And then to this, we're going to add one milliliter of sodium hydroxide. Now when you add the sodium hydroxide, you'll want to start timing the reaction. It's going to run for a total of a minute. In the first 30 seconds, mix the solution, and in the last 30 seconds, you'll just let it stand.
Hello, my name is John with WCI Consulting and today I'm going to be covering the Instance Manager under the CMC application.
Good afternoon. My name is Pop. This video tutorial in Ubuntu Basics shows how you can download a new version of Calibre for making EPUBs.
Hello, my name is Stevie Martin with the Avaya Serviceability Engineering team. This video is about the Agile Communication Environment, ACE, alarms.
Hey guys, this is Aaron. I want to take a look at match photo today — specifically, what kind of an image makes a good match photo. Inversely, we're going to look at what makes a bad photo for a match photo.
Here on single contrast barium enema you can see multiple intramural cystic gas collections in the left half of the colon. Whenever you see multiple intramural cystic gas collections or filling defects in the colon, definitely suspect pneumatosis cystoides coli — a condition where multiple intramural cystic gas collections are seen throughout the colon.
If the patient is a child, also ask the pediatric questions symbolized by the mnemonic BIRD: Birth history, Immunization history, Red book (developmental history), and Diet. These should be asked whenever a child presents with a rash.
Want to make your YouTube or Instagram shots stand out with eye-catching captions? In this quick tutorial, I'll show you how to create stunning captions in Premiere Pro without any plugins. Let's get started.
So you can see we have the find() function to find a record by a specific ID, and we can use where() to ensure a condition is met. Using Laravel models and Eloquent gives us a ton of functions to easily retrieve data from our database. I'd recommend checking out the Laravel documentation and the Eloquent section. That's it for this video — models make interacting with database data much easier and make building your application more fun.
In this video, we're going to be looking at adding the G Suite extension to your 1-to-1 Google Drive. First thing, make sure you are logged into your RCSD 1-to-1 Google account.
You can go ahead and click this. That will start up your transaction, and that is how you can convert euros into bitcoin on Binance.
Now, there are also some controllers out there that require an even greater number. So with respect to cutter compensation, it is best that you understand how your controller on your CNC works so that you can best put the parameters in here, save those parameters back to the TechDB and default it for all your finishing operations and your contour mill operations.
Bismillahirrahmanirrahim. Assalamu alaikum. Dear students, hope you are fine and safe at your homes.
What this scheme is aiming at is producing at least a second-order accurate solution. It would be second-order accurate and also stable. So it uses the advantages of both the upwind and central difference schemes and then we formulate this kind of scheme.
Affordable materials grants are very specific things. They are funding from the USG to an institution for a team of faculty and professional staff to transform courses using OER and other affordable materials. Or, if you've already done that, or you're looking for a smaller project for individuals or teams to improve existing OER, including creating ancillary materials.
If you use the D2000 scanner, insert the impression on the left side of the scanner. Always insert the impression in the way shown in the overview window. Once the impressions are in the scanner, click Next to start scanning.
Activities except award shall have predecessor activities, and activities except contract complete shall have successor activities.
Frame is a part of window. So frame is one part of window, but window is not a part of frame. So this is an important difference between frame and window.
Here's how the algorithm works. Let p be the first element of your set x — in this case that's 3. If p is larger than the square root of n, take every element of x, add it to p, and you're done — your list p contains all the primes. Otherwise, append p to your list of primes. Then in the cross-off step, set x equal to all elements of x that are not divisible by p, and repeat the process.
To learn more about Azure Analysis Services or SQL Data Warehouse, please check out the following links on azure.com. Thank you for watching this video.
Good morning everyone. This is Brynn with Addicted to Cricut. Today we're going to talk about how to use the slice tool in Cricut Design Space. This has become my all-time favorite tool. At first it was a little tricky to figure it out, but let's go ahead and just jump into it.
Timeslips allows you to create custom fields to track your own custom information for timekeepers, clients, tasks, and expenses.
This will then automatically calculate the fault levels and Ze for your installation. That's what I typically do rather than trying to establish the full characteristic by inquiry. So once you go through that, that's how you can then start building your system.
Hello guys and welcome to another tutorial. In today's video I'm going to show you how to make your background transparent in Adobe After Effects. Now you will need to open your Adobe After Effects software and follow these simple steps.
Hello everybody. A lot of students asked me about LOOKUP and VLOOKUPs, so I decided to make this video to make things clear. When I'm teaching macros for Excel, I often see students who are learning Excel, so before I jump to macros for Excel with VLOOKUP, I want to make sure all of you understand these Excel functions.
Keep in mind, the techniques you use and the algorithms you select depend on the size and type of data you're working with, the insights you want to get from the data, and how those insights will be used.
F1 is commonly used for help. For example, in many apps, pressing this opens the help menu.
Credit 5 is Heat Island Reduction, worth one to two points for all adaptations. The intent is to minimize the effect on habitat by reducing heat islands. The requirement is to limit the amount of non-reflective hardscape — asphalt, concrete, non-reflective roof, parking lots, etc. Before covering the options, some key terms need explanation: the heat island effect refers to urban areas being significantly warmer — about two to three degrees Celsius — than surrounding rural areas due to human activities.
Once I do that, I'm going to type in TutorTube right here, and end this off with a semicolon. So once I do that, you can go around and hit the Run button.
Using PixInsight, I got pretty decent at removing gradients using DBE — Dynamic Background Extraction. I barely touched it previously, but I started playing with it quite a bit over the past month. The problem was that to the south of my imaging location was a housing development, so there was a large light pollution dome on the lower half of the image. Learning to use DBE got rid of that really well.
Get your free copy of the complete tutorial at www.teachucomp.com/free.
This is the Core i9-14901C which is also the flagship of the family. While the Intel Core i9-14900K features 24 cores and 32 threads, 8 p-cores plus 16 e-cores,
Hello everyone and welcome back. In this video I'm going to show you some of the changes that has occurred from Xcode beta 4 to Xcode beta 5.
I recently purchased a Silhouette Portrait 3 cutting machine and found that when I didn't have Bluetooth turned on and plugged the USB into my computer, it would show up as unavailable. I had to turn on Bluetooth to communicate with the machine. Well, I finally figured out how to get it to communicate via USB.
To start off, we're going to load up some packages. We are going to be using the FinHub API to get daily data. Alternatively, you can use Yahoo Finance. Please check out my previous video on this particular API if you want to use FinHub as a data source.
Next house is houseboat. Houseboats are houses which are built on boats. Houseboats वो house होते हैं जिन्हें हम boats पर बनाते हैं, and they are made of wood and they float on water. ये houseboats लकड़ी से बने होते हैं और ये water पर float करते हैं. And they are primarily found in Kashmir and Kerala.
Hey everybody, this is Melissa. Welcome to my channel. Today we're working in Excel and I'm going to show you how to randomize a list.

ABOUT THIS TASK → Write the entries out once more, exactly as they appear.

RESPONSE TO THIS EXERCISE →
And then to this, we're going to add one milliliter of sodium hydroxide. Now when you add the sodium hydroxide, you'll want to start timing the reaction. It's going to run for a total of a minute. In the first 30 seconds, mix the solution, and in the last 30 seconds, you'll just let it stand.
Hello, my name is John with WCI Consulting and today I'm going to be covering the Instance Manager under the CMC application.
Good afternoon. My name is Pop. This video tutorial in Ubuntu Basics shows how you can download a new version of Calibre for making EPUBs.
Hello, my name is Stevie Martin with the Avaya Serviceability Engineering team. This video is about the Agile Communication Environment, ACE, alarms.
Hey guys, this is Aaron. I want to take a look at match photo today — specifically, what kind of an image makes a good match photo. Inversely, we're going to look at what makes a bad photo for a match photo.
Here on single contrast barium enema you can see multiple intramural cystic gas collections in the left half of the colon. Whenever you see multiple intramural cystic gas collections or filling defects in the colon, definitely suspect pneumatosis cystoides coli — a condition where multiple intramural cystic gas collections are seen throughout the colon.
If the patient is a child, also ask the pediatric questions symbolized by the mnemonic BIRD: Birth history, Immunization history, Red book (developmental history), and Diet. These should be asked whenever a child presents with a rash.
Want to make your YouTube or Instagram shots stand out with eye-catching captions? In this quick tutorial, I'll show you how to create stunning captions in Premiere Pro without any plugins. Let's get started.
So you can see we have the find() function to find a record by a specific ID, and we can use where() to ensure a condition is met. Using Laravel models and Eloquent gives us a ton of functions to easily retrieve data from our database. I'd recommend checking out the Laravel documentation and the Eloquent section. That's it for this video — models make interacting with database data much easier and make building your application more fun.
In this video, we're going to be looking at adding the G Suite extension to your 1-to-1 Google Drive. First thing, make sure you are logged into your RCSD 1-to-1 Google account.
You can go ahead and click this. That will start up your transaction, and that is how you can convert euros into bitcoin on Binance.
Now, there are also some controllers out there that require an even greater number. So with respect to cutter compensation, it is best that you understand how your controller on your CNC works so that you can best put the parameters in here, save those parameters back to the TechDB and default it for all your finishing operations and your contour mill operations.
Bismillahirrahmanirrahim. Assalamu alaikum. Dear students, hope you are fine and safe at your homes.
What this scheme is aiming at is producing at least a second-order accurate solution. It would be second-order accurate and also stable. So it uses the advantages of both the upwind and central difference schemes and then we formulate this kind of scheme.
Affordable materials grants are very specific things. They are funding from the USG to an institution for a team of faculty and professional staff to transform courses using OER and other affordable materials. Or, if you've already done that, or you're looking for a smaller project for individuals or teams to improve existing OER, including creating ancillary materials.
If you use the D2000 scanner, insert the impression on the left side of the scanner. Always insert the impression in the way shown in the overview window. Once the impressions are in the scanner, click Next to start scanning.
Activities except award shall have predecessor activities, and activities except contract complete shall have successor activities.
Frame is a part of window. So frame is one part of window, but window is not a part of frame. So this is an important difference between frame and window.
Here's how the algorithm works. Let p be the first element of your set x — in this case that's 3. If p is larger than the square root of n, take every element of x, add it to p, and you're done — your list p contains all the primes. Otherwise, append p to your list of primes. Then in the cross-off step, set x equal to all elements of x that are not divisible by p, and repeat the process.
To learn more about Azure Analysis Services or SQL Data Warehouse, please check out the following links on azure.com. Thank you for watching this video.
Good morning everyone. This is Brynn with Addicted to Cricut. Today we're going to talk about how to use the slice tool in Cricut Design Space. This has become my all-time favorite tool. At first it was a little tricky to figure it out, but let's go ahead and just jump into it.
Timeslips allows you to create custom fields to track your own custom information for timekeepers, clients, tasks, and expenses.
This will then automatically calculate the fault levels and Ze for your installation. That's what I typically do rather than trying to establish the full characteristic by inquiry. So once you go through that, that's how you can then start building your system.
Hello guys and welcome to another tutorial. In today's video I'm going to show you how to make your background transparent in Adobe After Effects. Now you will need to open your Adobe After Effects software and follow these simple steps.
Hello everybody. A lot of students asked me about LOOKUP and VLOOKUPs, so I decided to make this video to make things clear. When I'm teaching macros for Excel, I often see students who are learning Excel, so before I jump to macros for Excel with VLOOKUP, I want to make sure all of you understand these Excel functions.
Keep in mind, the techniques you use and the algorithms you select depend on the size and type of data you're working with, the insights you want to get from the data, and how those insights will be used.
F1 is commonly used for help. For example, in many apps, pressing this opens the help menu.
Credit 5 is Heat Island Reduction, worth one to two points for all adaptations. The intent is to minimize the effect on habitat by reducing heat islands. The requirement is to limit the amount of non-reflective hardscape — asphalt, concrete, non-reflective roof, parking lots, etc. Before covering the options, some key terms need explanation: the heat island effect refers to urban areas being significantly warmer — about two to three degrees Celsius — than surrounding rural areas due to human activities.
Once I do that, I'm going to type in TutorTube right here, and end this off with a semicolon. So once I do that, you can go around and hit the Run button.
Using PixInsight, I got pretty decent at removing gradients using DBE — Dynamic Background Extraction. I barely touched it previously, but I started playing with it quite a bit over the past month. The problem was that to the south of my imaging location was a housing development, so there was a large light pollution dome on the lower half of the image. Learning to use DBE got rid of that really well.
Get your free copy of the complete tutorial at www.teachucomp.com/free.
This is the Core i9-14901C which is also the flagship of the family. While the Intel Core i9-14900K features 24 cores and 32 threads, 8 p-cores plus 16 e-cores,
Hello everyone and welcome back. In this video I'm going to show you some of the changes that has occurred from Xcode beta 4 to Xcode beta 5.
I recently purchased a Silhouette Portrait 3 cutting machine and found that when I didn't have Bluetooth turned on and plugged the USB into my computer, it would show up as unavailable. I had to turn on Bluetooth to communicate with the machine. Well, I finally figured out how to get it to communicate via USB.
To start off, we're going to load up some packages. We are going to be using the FinHub API to get daily data. Alternatively, you can use Yahoo Finance. Please check out my previous video on this particular API if you want to use FinHub as a data source.
Next house is houseboat. Houseboats are houses which are built on boats. Houseboats वो house होते हैं जिन्हें हम boats पर बनाते हैं, and they are made of wood and they float on water. ये houseboats लकड़ी से बने होते हैं और ये water पर float करते हैं. And they are primarily found in Kashmir and Kerala.
Hey everybody, this is Melissa. Welcome to my channel. Today we're working in Excel and I'm going to show you how to randomize a list.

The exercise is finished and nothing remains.